#### TASK OBJECTIVE
Everything in the listing must be repeated word for word.

#### SUPPLIED DATA
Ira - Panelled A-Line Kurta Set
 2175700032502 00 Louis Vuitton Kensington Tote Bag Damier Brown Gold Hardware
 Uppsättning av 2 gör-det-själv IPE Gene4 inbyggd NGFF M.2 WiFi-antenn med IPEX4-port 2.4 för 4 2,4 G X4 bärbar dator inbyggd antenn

#### SOLUTION FOR THIS PROBLEM
Ira - Panelled A-Line Kurta Set
 2175700032502 00 Louis Vuitton Kensington Tote Bag Damier Brown Gold Hardware
 Uppsättning av 2 gör-det-själv IPE Gene4 inbyggd NGFF M.2 WiFi-antenn med IPEX4-port 2.4 för 4 2,4 G X4 bärbar dator inbyggd antenn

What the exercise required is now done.